Evaluation of the IITRI compression test method for stiffness and strength determination

Abstract The objective of this paper is to evaluate the IITRI Compression Test Method for measuring the axial compressive modulus and strength of composite materials possessing a high degree of anisotropy in the axial direction. The influence of material anisotropy and test specimen geometry on the data reduction scheme used to characterize the axial compressive modulus and ultimate strength is examined. The findings demonstrate that ASTM D3410 specimen geometries, recommended for the IITRI and Celanese compression test methods, may not always be appropriate for materials that are highly anisotropic in nature. The significance of the findings on appropriate specimen design for thick section laminates is also discussed. An error investigation is included which demonstrates to what extent the experimentally determined compressive modulus may be affected if careful consideration of the specimen geometry is not made. This investigation utilizes the finite element method and an elasticity solution based on Saint-Venant's principle for an upper bound estimate on stress decay length in a parametric study involving combinations of specimen geometries with varying material anisotropy.
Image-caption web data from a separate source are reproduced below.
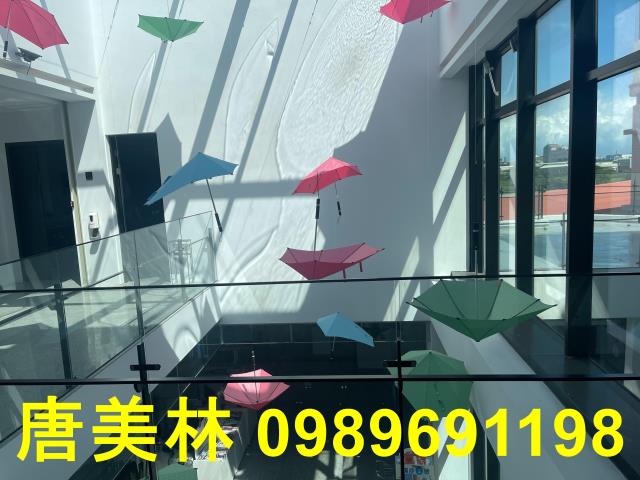 大園廠房-5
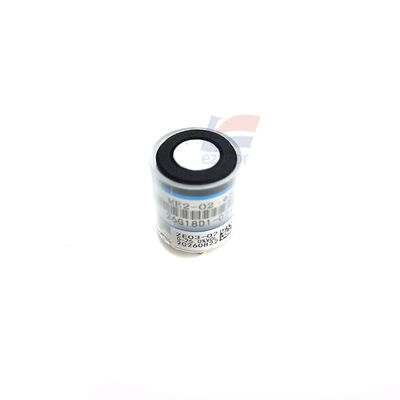 ZE03-O2 Electrochemical Oxygen (O2) Detection Module for Industrial Confined Space Monitoring Laboratory & Scientific Research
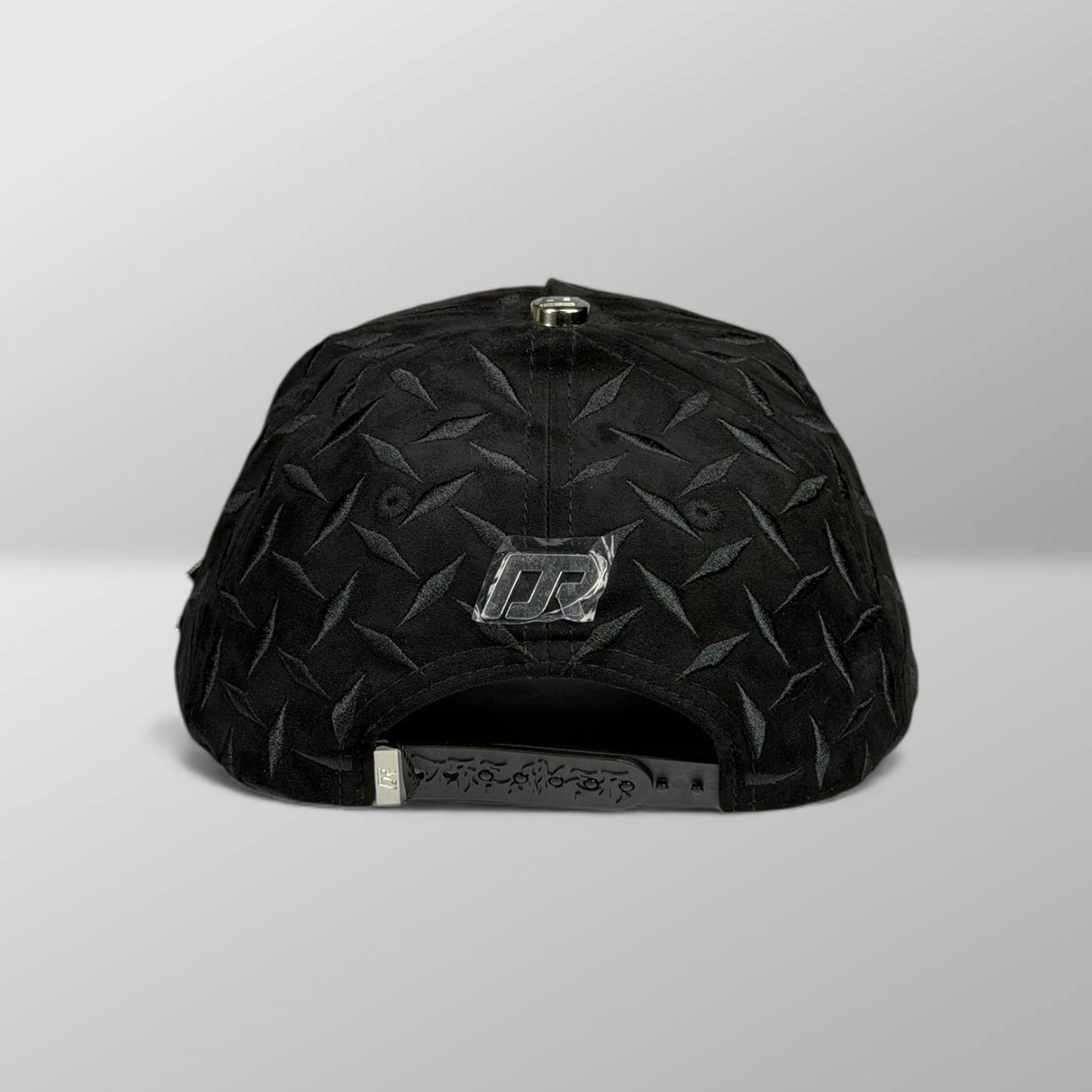 DREAMER HATS "DREAMER ANIVERSARIO"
A methodology is presented for sizing specimen geometries as a function of material anisotropy that ensures accurate determination of the linear elastic axial compressive modulus and provides an estimate of the maximum amount of axial strain that can be tolerated prior to Euler buckling induced failure. Based on the degree of material anisotropy and anticipated failure strain, the appropriateness of the test method for a given material system can be evaluated.